Wilfredo's trial attorney, Hobie Crystle, called his client "an innocent man wrongly accused" and showed jurors a picture of the man who actually owned the car police followed.
"In fact, this is Wilfrido Rivera, who lives in Lancaster, who's about the same age (and) also (is) a Hispanic male with facial hair," Crystle said. "My client happens to share some characteristics with this individual to whom the car is registered."
Wilfredo testified he knew nothing about the drug buy, but the trial transcript does not mention an alibi.
On March 5, 2003, a jury found Wilfredo guilty; on March 8, 2003, Judge Michael J. Perezous sentenced him to to 2 years in jail.
Perezous did not send Wilfredo to jail right away, however.

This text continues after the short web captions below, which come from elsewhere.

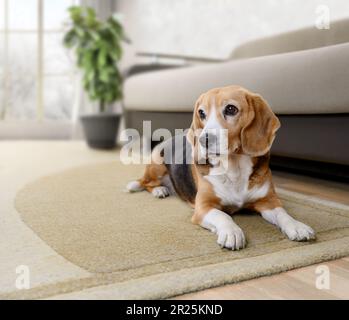 Adorable beagle chien couché sur la moquette sur le sol sur un arrière-plan intérieur confortable et clair. Animaux domestiques Banque D'Images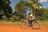 Bush &amp; Beach - Mozambique und Kruger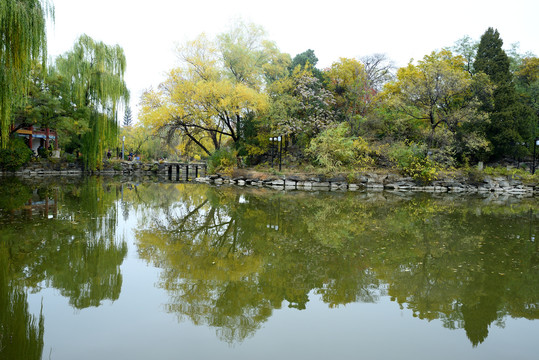 北京大学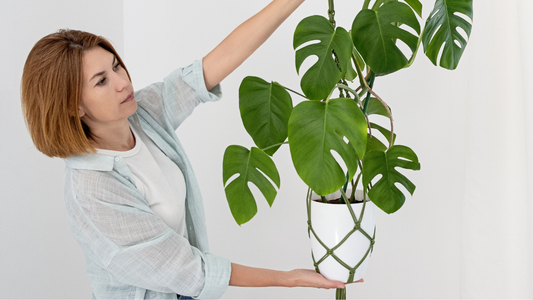Bring Nature Indoors with Stylish Macrame Plant Hangers from Crowns Cart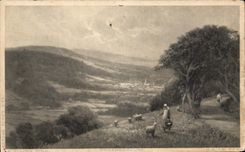 CPA paysage a la campagne Moutons 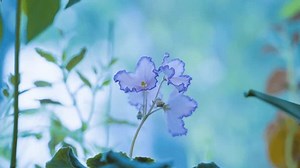 Close-up Beautiful African Violets : vidéo de stock (100 % libre de droit) 3812826669 | Shutterstock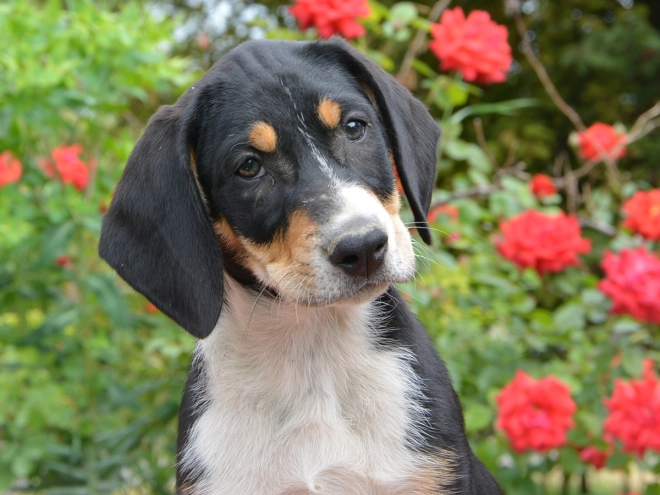 Transylvanian Hound puppy for sale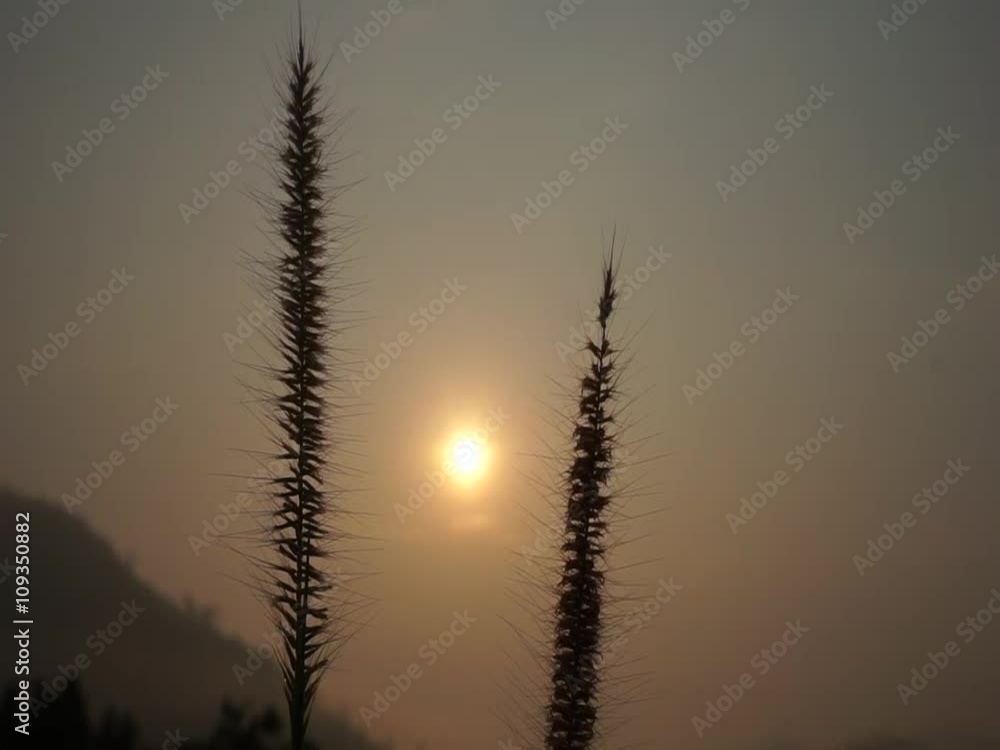 Landscape, morning sun rise from mountain
Clearing in the forest in sunny summer morning Landscape, morning sun rise from mountain
Clearing in the forest in sunny summer morning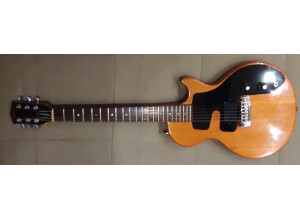 Gibson Challenger (78213)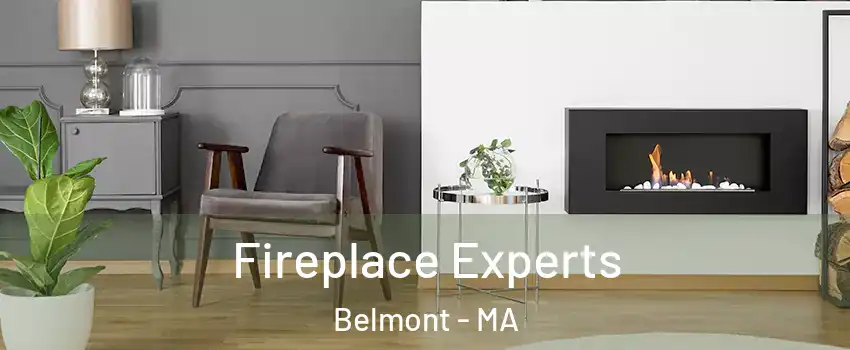  Fireplace Experts Belmont - MA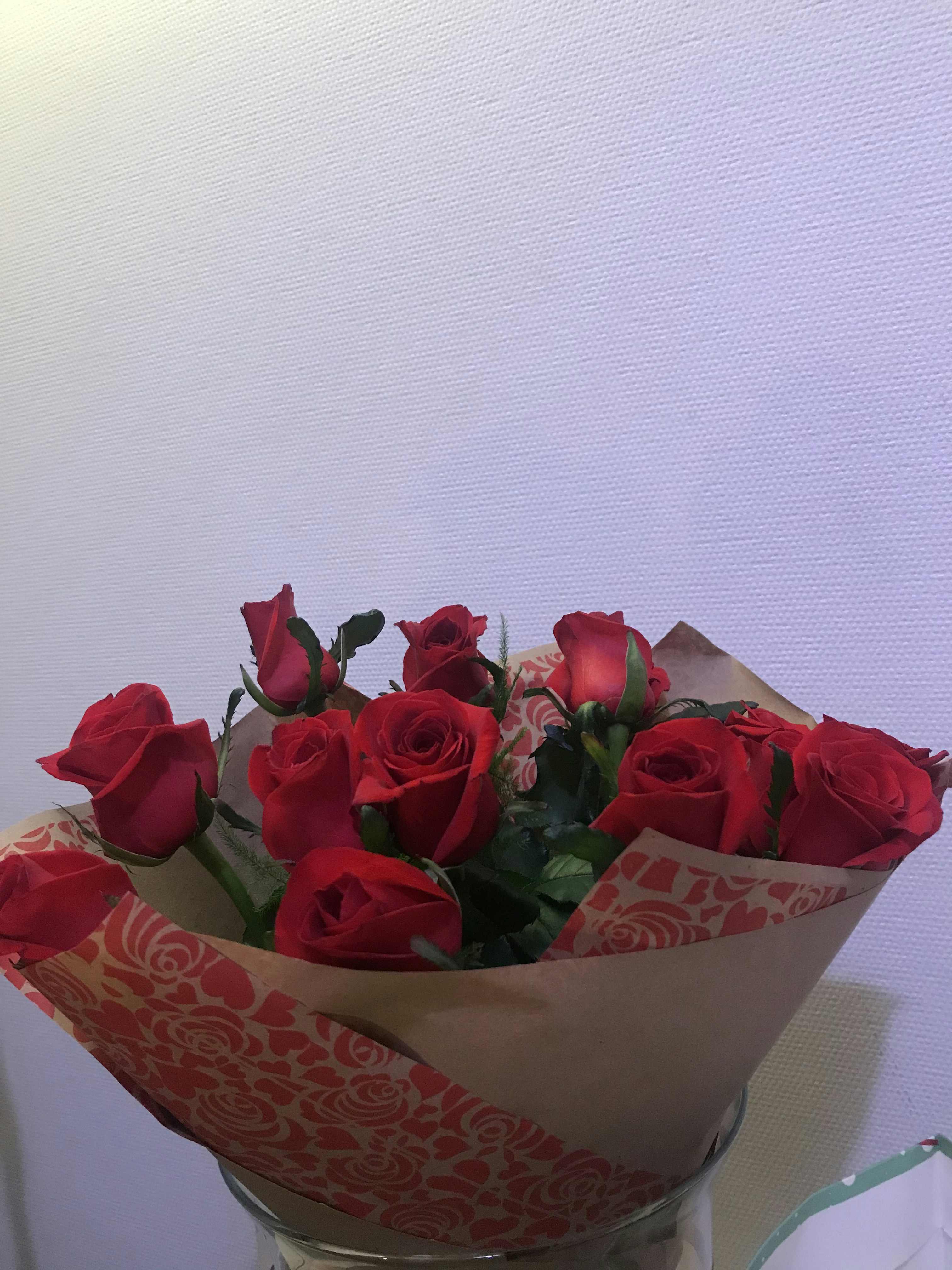 Lush vibrant red rose bouquet wrapped in kraft paper, bright florist studio, vivid colours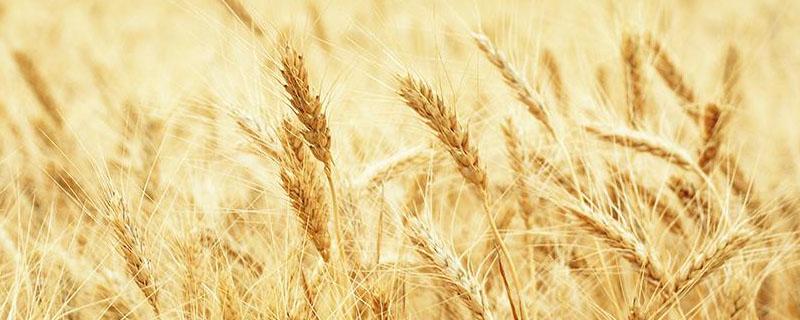 河南小麦亩产量一般多少斤 河南小麦每亩产量多少斤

Instead, he released him on $5,000 unsecured bail while Wilfredo appealed his conviction.
In yet another blow to his defense, the state Superior Court upheld Wilfredo's conviction on July 19, 2004.
Wilfredo and his daughter, Mary Anna Rivera, hired Goldman, who discovered that state agents had made a mistake. Goldman's contacts with the local drug task force were familiar with "Willow" Rivera, not Wilfredo Rivera.
That started the ball rolling.
In his motion to vacate Wilfredo's conviction, Goldman said Willow has prior felony convictions consistent with Wilfredo's charge.
At Monday's postconviction hearing, Goldman said Alvin Torres positively identified Wilfrido as his uncle.
Both men are in prison on drug charges.
"The one good thing about this," Goldman said, "is that the defendant has not suffered any incarceration."
With the evidence before him, Perezous vacated Wilfredo's conviction and expunged his record of the charge.
"In the totality of the circumstances, I'm glad to say that the system does work," Conrad said. "Without the appeals process, we never would have discovered that the wrong man had been convicted."
After the hearing was over, Perezous smiled at Rivera. Rivera smiled back.
"Mr. Crystle believed you, and Mr. Goldman believed you," Perezous said. "Today, you have made a believer out of all of us. Best of luck to you."